DATASET EXCERPT:
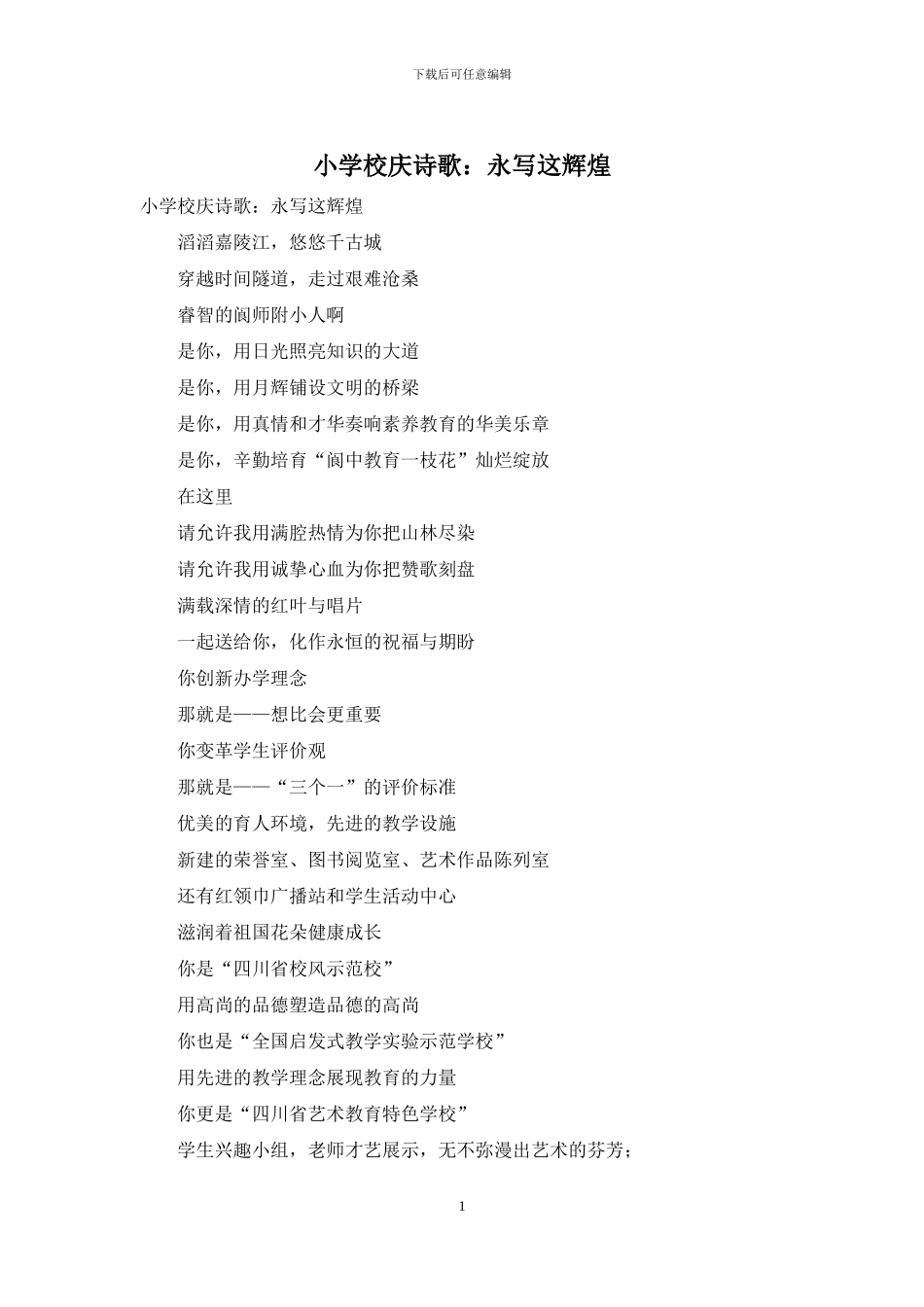 小学校庆诗歌：永写这辉煌_第1页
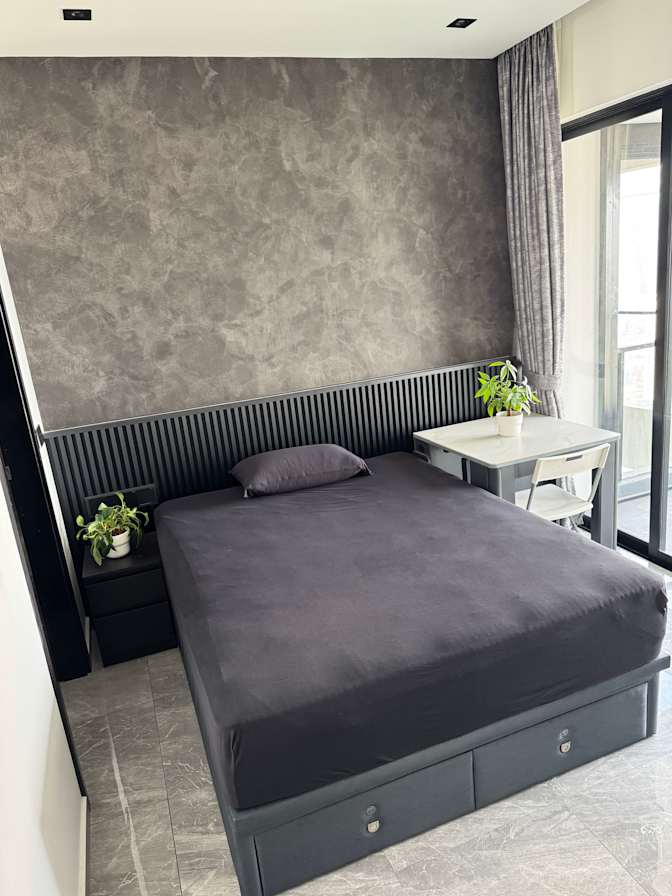 Terry's room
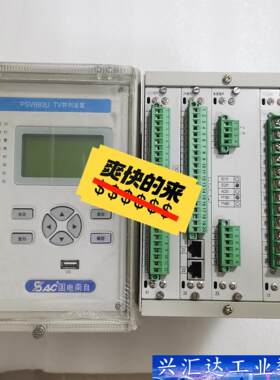 国电南自PSV693∪TV并列装置  询价下单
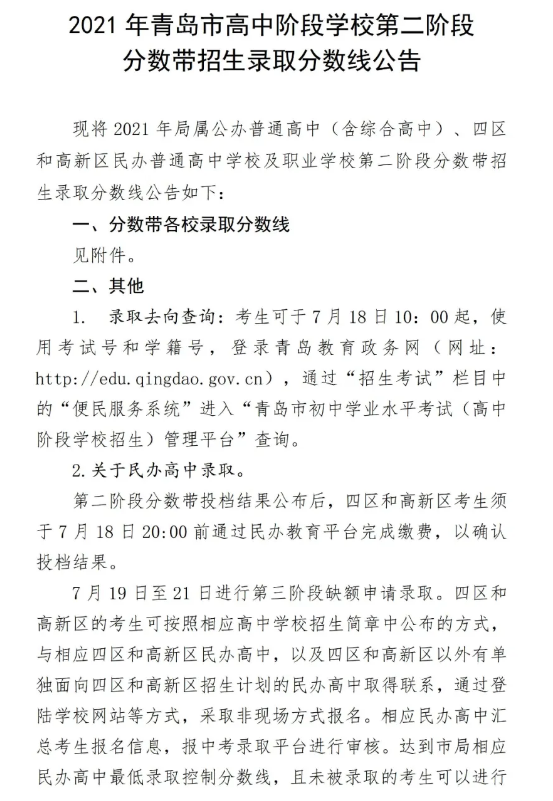 2021青島中考第二階段分數(shù)帶招生錄取分數(shù)線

EXERCISE INSTRUCTIONS:
Line by line, give the material above again exactly, but without any pictures.

RESULT OF THIS EXERCISE:
 小学校庆诗歌：永写这辉煌_第1页
 Terry's room
 国电南自PSV693∪TV并列装置  询价下单
 2021青島中考第二階段分數(shù)帶招生錄取分數(shù)線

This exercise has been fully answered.